> **Task directions**
With the line that contains "19TH C. NEOCLASSICAL" as the final line, return every line from the start of the data below exactly.

> **Study material**
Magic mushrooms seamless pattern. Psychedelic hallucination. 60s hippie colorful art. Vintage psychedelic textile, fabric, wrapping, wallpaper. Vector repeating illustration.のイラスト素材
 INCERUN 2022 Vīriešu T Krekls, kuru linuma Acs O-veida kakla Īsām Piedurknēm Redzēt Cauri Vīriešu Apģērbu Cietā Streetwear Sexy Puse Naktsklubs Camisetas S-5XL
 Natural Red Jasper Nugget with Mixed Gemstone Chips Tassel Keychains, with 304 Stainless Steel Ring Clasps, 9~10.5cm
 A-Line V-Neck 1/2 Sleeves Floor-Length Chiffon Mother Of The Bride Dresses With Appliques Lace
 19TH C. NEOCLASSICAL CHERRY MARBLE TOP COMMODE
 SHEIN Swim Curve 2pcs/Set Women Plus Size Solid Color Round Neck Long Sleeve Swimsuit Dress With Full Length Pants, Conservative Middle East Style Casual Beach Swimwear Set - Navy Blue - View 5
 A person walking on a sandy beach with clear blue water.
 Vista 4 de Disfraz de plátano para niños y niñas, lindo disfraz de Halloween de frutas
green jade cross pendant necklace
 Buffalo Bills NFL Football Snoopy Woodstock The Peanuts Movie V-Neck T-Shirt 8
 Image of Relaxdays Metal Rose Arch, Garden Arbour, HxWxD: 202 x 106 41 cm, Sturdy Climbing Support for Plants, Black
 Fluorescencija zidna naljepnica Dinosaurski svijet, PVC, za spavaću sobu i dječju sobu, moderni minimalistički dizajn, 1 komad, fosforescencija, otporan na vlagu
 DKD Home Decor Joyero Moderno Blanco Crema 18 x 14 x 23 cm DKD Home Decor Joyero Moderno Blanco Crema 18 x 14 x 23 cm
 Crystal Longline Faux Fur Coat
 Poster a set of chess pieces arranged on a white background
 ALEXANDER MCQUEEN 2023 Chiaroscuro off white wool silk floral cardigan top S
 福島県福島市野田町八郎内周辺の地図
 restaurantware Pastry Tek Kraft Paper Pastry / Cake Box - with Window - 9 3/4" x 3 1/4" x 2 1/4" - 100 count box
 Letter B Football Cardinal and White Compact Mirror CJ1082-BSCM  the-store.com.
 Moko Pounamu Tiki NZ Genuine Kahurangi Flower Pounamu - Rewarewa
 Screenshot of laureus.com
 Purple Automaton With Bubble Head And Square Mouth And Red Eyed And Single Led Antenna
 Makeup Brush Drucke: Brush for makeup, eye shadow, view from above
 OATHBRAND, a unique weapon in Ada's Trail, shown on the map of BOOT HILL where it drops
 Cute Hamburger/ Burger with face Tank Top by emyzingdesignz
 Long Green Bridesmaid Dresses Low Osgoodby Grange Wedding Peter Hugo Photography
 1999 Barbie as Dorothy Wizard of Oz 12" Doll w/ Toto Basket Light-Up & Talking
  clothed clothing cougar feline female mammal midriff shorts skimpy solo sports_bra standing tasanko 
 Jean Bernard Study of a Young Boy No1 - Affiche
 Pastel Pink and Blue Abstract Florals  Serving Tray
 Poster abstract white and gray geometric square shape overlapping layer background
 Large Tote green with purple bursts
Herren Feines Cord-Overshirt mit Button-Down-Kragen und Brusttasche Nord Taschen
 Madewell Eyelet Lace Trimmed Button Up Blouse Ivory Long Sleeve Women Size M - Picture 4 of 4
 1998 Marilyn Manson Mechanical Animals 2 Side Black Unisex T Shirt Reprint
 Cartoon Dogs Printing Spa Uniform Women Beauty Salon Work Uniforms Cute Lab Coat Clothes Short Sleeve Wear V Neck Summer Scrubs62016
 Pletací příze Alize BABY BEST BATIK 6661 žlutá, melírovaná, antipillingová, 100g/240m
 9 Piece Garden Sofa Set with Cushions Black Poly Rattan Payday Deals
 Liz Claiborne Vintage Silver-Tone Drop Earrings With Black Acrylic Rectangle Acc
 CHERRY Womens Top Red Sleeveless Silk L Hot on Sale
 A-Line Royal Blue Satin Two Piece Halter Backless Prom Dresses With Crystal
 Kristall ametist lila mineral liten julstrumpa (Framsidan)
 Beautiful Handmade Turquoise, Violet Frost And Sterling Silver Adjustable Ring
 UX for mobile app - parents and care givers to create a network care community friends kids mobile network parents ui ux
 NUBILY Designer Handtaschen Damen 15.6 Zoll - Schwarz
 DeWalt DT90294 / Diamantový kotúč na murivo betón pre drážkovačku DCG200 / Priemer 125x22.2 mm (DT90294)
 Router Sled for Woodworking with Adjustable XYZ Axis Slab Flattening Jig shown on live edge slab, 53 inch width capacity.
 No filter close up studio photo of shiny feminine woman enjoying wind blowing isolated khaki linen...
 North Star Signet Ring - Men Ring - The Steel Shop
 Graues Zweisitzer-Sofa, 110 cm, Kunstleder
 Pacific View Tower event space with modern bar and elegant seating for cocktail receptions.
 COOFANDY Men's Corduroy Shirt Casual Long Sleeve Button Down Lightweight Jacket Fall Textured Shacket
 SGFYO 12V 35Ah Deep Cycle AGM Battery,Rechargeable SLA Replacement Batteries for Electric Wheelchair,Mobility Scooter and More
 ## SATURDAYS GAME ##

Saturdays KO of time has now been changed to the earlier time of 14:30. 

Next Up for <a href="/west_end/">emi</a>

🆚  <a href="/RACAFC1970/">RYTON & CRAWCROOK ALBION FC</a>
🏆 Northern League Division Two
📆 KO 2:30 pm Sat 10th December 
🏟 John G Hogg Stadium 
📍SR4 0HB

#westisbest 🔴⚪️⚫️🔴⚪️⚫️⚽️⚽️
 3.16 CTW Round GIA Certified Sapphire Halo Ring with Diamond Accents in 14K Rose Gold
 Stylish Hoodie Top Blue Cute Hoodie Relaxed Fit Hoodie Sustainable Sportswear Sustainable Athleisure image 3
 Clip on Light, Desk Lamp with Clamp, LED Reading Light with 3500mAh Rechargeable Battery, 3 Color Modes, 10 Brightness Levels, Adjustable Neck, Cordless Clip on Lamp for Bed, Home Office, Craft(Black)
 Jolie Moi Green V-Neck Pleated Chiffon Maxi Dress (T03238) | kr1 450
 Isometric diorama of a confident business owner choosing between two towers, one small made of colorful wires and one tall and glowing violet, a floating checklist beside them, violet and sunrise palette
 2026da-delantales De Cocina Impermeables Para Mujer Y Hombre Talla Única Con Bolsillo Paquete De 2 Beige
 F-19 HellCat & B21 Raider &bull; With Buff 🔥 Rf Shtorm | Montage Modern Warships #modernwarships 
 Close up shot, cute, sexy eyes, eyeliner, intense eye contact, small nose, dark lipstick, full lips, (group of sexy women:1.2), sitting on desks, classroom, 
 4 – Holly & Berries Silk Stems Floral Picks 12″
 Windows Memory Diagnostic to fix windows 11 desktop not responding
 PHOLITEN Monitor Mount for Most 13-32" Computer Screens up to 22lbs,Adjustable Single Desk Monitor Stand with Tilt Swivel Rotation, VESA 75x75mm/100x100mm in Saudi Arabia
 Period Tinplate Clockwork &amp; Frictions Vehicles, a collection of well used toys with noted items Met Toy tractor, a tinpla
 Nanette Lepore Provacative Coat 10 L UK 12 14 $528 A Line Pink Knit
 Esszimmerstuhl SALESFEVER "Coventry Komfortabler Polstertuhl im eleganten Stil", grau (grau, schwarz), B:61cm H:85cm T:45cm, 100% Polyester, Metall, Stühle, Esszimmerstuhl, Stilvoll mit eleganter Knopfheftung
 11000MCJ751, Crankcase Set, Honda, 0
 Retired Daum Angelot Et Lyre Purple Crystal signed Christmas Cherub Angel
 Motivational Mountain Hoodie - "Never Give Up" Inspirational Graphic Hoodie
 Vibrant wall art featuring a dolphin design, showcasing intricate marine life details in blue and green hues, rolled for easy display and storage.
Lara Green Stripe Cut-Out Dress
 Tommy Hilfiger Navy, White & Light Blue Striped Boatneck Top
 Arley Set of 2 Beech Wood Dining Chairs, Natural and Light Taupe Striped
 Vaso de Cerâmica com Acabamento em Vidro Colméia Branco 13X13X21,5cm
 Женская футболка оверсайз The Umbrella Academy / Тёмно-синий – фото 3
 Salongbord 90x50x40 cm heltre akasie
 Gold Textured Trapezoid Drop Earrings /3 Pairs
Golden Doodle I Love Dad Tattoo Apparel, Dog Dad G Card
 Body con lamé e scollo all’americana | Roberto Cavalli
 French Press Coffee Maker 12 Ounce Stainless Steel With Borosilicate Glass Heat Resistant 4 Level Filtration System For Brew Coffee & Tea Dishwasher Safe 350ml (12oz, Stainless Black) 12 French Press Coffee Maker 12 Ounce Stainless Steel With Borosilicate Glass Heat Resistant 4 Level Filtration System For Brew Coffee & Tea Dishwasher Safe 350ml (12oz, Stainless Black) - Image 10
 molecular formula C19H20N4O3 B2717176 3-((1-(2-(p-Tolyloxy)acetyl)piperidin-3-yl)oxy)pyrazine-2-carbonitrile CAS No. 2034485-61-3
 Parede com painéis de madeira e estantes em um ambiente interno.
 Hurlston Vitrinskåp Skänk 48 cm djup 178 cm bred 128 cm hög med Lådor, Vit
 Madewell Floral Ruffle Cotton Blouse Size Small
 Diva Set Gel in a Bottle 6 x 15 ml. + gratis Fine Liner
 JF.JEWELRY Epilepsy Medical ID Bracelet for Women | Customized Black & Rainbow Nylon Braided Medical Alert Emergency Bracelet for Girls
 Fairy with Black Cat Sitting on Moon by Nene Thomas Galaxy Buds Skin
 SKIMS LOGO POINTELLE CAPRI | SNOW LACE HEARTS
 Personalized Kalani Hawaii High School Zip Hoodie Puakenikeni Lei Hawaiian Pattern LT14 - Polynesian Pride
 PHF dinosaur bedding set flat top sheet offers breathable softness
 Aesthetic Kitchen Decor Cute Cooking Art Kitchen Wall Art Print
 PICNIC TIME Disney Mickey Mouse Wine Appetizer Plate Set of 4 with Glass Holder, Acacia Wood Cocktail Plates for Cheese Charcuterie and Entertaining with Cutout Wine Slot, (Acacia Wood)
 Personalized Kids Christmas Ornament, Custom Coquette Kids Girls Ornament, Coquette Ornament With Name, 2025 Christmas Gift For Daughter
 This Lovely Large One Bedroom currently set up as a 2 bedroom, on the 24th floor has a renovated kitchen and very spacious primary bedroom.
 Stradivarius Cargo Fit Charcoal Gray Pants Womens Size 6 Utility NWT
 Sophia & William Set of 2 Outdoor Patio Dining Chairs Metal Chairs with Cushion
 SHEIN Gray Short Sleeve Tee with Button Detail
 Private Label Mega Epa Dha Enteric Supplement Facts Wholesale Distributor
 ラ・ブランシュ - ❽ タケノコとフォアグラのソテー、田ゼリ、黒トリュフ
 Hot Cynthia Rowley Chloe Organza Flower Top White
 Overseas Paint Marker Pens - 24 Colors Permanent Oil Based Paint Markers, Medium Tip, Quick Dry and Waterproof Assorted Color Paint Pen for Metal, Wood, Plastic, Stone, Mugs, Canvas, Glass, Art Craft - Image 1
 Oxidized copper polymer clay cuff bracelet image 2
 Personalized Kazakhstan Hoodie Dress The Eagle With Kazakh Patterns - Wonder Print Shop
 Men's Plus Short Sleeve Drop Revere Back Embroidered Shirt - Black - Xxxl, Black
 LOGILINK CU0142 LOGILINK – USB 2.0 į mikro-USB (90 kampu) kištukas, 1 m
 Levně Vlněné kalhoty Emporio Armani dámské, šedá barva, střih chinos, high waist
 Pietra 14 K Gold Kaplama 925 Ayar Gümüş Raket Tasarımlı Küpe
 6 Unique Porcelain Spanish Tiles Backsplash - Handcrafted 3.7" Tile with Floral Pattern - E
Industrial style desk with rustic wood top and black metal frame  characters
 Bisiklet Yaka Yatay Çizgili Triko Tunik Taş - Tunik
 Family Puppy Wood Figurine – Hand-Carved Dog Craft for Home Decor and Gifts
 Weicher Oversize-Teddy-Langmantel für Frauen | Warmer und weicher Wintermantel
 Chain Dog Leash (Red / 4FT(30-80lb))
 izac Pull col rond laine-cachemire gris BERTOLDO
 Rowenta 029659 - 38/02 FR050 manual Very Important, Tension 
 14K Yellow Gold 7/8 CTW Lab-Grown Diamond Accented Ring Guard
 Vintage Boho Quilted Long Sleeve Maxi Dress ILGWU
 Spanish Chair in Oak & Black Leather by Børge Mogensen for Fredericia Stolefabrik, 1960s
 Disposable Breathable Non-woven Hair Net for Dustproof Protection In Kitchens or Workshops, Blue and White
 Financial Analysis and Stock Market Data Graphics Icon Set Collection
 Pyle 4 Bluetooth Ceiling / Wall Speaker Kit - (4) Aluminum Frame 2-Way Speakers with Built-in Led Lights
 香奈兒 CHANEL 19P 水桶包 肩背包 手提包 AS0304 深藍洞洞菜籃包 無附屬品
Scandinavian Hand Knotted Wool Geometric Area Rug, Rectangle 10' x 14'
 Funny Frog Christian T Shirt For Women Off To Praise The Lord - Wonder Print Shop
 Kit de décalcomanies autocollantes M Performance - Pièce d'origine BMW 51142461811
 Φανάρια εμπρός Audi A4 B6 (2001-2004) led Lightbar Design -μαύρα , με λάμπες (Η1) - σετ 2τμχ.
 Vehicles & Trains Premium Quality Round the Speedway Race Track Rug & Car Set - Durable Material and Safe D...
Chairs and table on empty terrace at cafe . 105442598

> **Reply**
Magic mushrooms seamless pattern. Psychedelic hallucination. 60s hippie colorful art. Vintage psychedelic textile, fabric, wrapping, wallpaper. Vector repeating illustration.のイラスト素材
 INCERUN 2022 Vīriešu T Krekls, kuru linuma Acs O-veida kakla Īsām Piedurknēm Redzēt Cauri Vīriešu Apģērbu Cietā Streetwear Sexy Puse Naktsklubs Camisetas S-5XL
 Natural Red Jasper Nugget with Mixed Gemstone Chips Tassel Keychains, with 304 Stainless Steel Ring Clasps, 9~10.5cm
 A-Line V-Neck 1/2 Sleeves Floor-Length Chiffon Mother Of The Bride Dresses With Appliques Lace
 19TH C. NEOCLASSICAL CHERRY MARBLE TOP COMMODE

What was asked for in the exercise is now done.